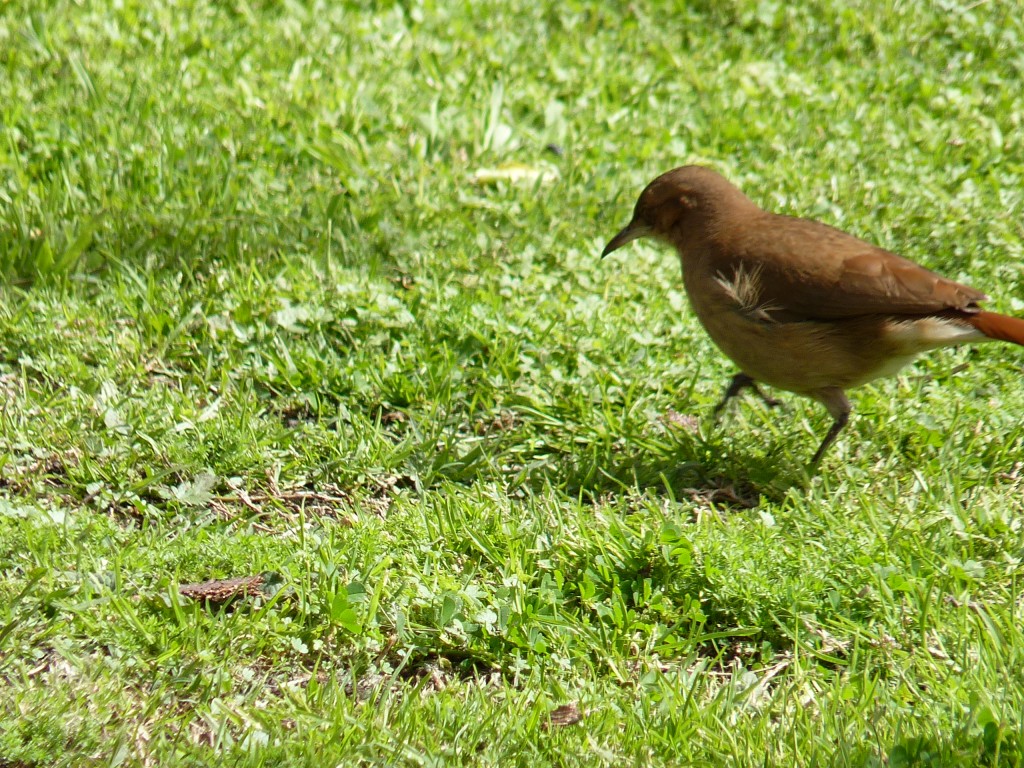 Foto: Plaza Colón - Mar del Plata (Buenos Aires), Argentina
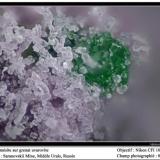 Amesite on uvarovite
Saranovskii mine, Urals region, Russia
fov 0.8 mm (Author: ploum)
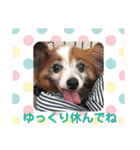 かわいいパピヨンのそっくん♪（個別スタンプ：25）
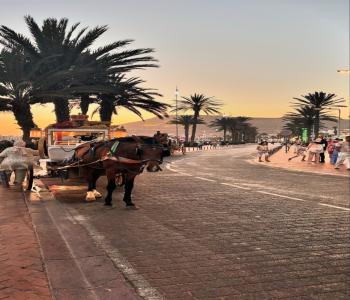 Best places to visit near Agadir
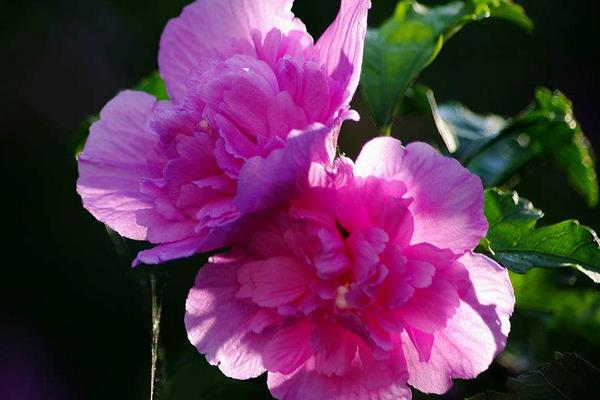 木槿家庭盆栽養殖方法 木槿能放在室內養嗎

* [TRY IT]: Look for the line that contains "fov 0.8 mm (Author: ploum)", then please copy it and the rest of the lines through the end of the data, pictures excluded.

* [RESPONSE TO THIS TASK]:
fov 0.8 mm (Author: ploum)
 かわいいパピヨンのそっくん♪（個別スタンプ：25）
 Best places to visit near Agadir
 木槿家庭盆栽養殖方法 木槿能放在室內養嗎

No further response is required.